*Listed entries:*
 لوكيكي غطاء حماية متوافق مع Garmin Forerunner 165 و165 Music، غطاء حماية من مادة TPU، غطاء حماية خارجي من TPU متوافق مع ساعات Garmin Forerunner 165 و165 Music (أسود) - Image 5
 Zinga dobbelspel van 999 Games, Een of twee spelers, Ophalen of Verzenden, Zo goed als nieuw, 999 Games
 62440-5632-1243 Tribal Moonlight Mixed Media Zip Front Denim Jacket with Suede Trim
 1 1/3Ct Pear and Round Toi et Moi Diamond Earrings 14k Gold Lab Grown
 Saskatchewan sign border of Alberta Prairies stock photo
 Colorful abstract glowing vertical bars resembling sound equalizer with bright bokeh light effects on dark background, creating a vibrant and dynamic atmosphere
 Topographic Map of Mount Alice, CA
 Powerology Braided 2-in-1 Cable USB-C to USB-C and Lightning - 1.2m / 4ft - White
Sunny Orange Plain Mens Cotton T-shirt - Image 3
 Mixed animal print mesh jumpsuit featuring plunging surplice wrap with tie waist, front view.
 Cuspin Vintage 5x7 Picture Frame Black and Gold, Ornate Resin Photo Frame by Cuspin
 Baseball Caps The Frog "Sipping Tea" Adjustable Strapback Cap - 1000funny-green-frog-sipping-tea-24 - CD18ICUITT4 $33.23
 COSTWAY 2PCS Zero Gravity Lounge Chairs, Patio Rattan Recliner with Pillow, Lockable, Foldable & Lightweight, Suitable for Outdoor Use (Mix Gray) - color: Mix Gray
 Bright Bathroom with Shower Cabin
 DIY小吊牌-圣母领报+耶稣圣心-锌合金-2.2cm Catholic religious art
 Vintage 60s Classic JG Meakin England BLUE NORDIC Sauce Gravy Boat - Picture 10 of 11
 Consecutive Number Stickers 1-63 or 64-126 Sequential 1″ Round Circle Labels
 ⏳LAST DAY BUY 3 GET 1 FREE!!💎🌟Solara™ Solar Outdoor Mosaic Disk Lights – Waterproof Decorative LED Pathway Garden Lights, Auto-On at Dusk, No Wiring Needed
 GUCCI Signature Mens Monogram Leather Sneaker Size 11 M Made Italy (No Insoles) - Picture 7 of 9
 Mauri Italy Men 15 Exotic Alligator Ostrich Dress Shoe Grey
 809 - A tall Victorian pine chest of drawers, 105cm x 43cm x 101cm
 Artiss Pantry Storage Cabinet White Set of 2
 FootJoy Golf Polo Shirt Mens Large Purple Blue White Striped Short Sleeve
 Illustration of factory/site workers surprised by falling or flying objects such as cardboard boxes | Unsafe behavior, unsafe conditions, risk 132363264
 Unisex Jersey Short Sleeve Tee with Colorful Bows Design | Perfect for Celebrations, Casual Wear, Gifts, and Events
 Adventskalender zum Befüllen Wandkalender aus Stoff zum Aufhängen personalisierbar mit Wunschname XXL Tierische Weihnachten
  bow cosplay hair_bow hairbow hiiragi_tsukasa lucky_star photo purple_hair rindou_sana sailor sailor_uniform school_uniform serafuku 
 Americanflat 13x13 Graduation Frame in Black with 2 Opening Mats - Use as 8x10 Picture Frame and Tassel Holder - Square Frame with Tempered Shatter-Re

*Exercise description:*
Within the data above, find the lines that contain the word "Gold" and copy each of them.

*The answer:*
 1 1/3Ct Pear and Round Toi et Moi Diamond Earrings 14k Gold Lab Grown
 Cuspin Vintage 5x7 Picture Frame Black and Gold, Ornate Resin Photo Frame by Cuspin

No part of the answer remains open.